Mention detection

`MentionDetection(base_url, wiki_version)`

Bases: MentionDetectionBase

Class responsible for mention detection.

Source code in /home/docs/checkouts/readthedocs.org/user_builds/rel/envs/latest/lib/python3.7/site-packages/REL/mention_detection.py

def __init__(self, base_url, wiki_version):
    self.cnt_exact = 0
    self.cnt_partial = 0
    self.cnt_total = 0

    super().__init__(base_url, wiki_version)

`find_mentions(dataset, tagger=None)`

Responsible for finding mentions given a set of documents in a batch-wise manner. More specifically, it returns the mention, its left/right context and a set of candidates.

Returns:

–

Dictionary with mentions per document.

Source code in /home/docs/checkouts/readthedocs.org/user_builds/rel/envs/latest/lib/python3.7/site-packages/REL/mention_detection.py

def find_mentions(self, dataset, tagger=None):
    """
    Responsible for finding mentions given a set of documents in a batch-wise manner. More specifically,
    it returns the mention, its left/right context and a set of candidates.
    :return: Dictionary with mentions per document.
    """
    if tagger is None:
        raise Exception(
            "No NER tagger is set, but you are attempting to perform Mention Detection.."
        )
    # Verify if Flair, else ngram or custom.
    is_flair = isinstance(tagger, SequenceTagger)
    dataset_sentences_raw, processed_sentences, splits = self.split_text(
        dataset, is_flair
    )
    results = {}
    total_ment = 0
    if is_flair:
        tagger.predict(processed_sentences)
    for i, doc in enumerate(dataset_sentences_raw):
        contents = dataset_sentences_raw[doc]
        raw_text = dataset[doc][0]
        sentences_doc = [v[0] for v in contents.values()]
        sentences = processed_sentences[splits[i] : splits[i + 1]]
        result_doc = []
        cum_sent_length = 0
        offset = 0
        for (idx_sent, (sentence, ground_truth_sentence)), snt in zip(
            contents.items(), sentences
        ):
            # Only include offset if using Flair.
            if is_flair:
                offset = raw_text.find(sentence, cum_sent_length)

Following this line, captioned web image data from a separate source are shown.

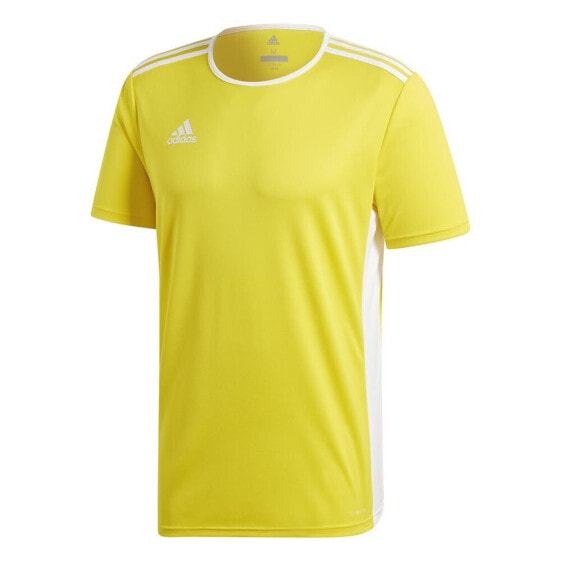 ADIDAS Entrada 18 short sleeve T-shirt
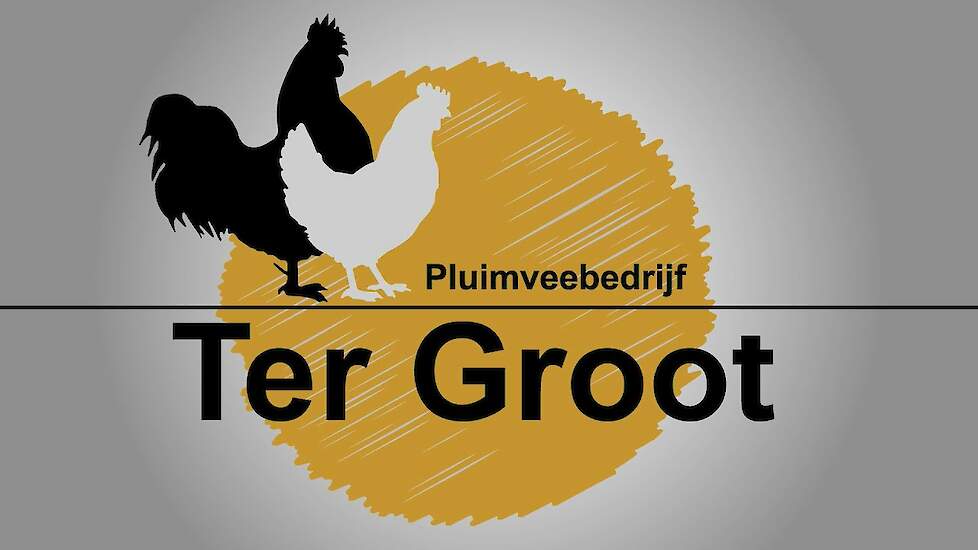 Pluimveebedrijf ter Groot in vogelvlucht.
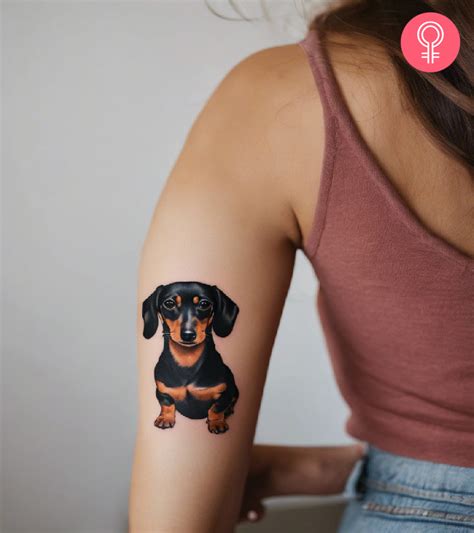 8 Unique Dachshund Tattoo Designs & Ideas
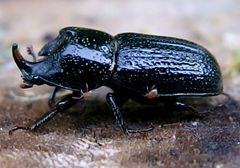 Sinodendron cylindricum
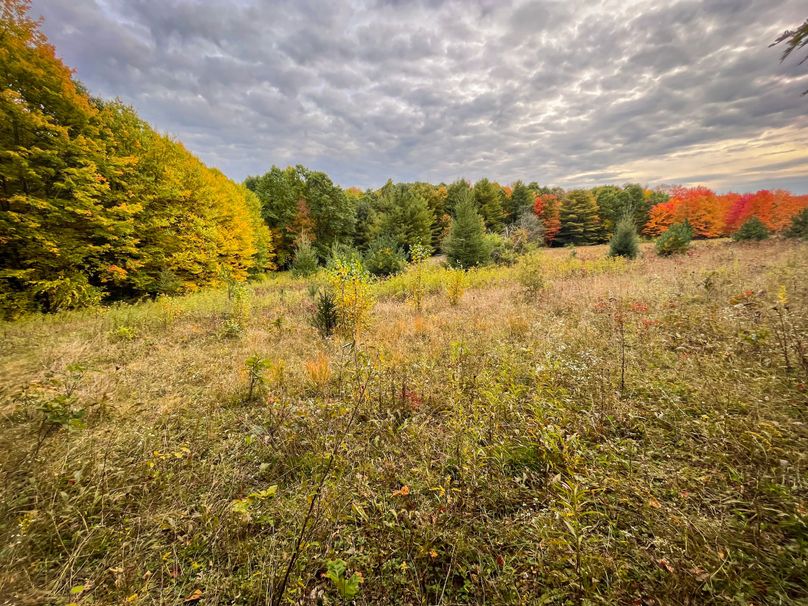 Tioga_114_Flacco Photo 67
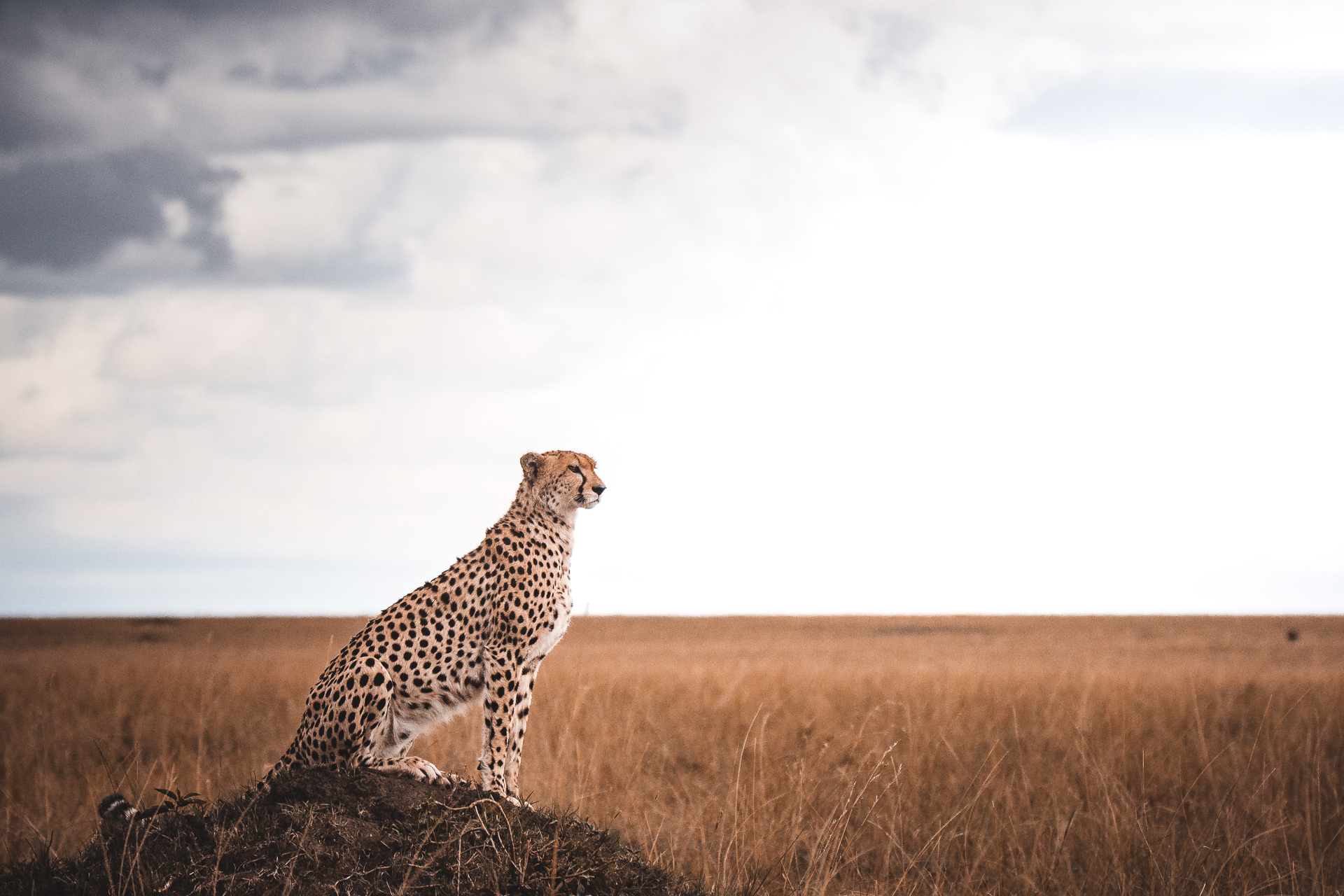 Cheetah overlooking the Masai Mara – Mara West Gallery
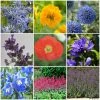 Roots Plants Mixed Flowering Perennial Plants | Extra Value Pack Perennials 2 Roots Plants Mixed Flowering Perennial Plants | Extra Value Pack Perennials
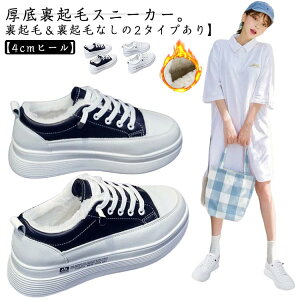 fB[X 傫TCY  zCg JWA Xj[J[ ʋ ₷ EH[LOV[Y EB^[ ~ ʊw N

            for entity in (
                snt.get_spans("ner")
                if is_flair
                else tagger.predict(snt, processed_sentences)
            ):
                text, start_pos, end_pos, conf, tag = (
                    entity.text,
                    entity.start_position,
                    entity.end_position,
                    entity.score,
                    entity.tag,
                )
                total_ment += 1
                m = self.preprocess_mention(text)
                cands = self.get_candidates(m)
                if len(cands) == 0:
                    continue
                # Re-create ngram as 'text' is at times changed by Flair (e.g. double spaces are removed).
                ngram = sentence[start_pos:end_pos]
                left_ctxt, right_ctxt = self.get_ctxt(
                    start_pos, end_pos, idx_sent, sentence, sentences_doc
                )
                res = {
                    "mention": m,
                    "context": (left_ctxt, right_ctxt),
                    "candidates": cands,
                    "gold": ["NONE"],
                    "pos": start_pos + offset,
                    "sent_idx": idx_sent,
                    "ngram": ngram,
                    "end_pos": end_pos + offset,
                    "sentence": sentence,
                    "conf_md": conf,
                    "tag": tag,
                }
                result_doc.append(res)
            cum_sent_length += len(sentence) + (offset - cum_sent_length)
        results[doc] = result_doc
    return results, total_ment

`format_spans(dataset)`

Responsible for formatting given spans into dataset for the ED step. More specifically, it returns the mention, its left/right context and a set of candidates.

Returns:

–

Dictionary with mentions per document.

Source code in /home/docs/checkouts/readthedocs.org/user_builds/rel/envs/latest/lib/python3.7/site-packages/REL/mention_detection.py

def format_spans(self, dataset):
    """
    Responsible for formatting given spans into dataset for the ED step. More specifically,
    it returns the mention, its left/right context and a set of candidates.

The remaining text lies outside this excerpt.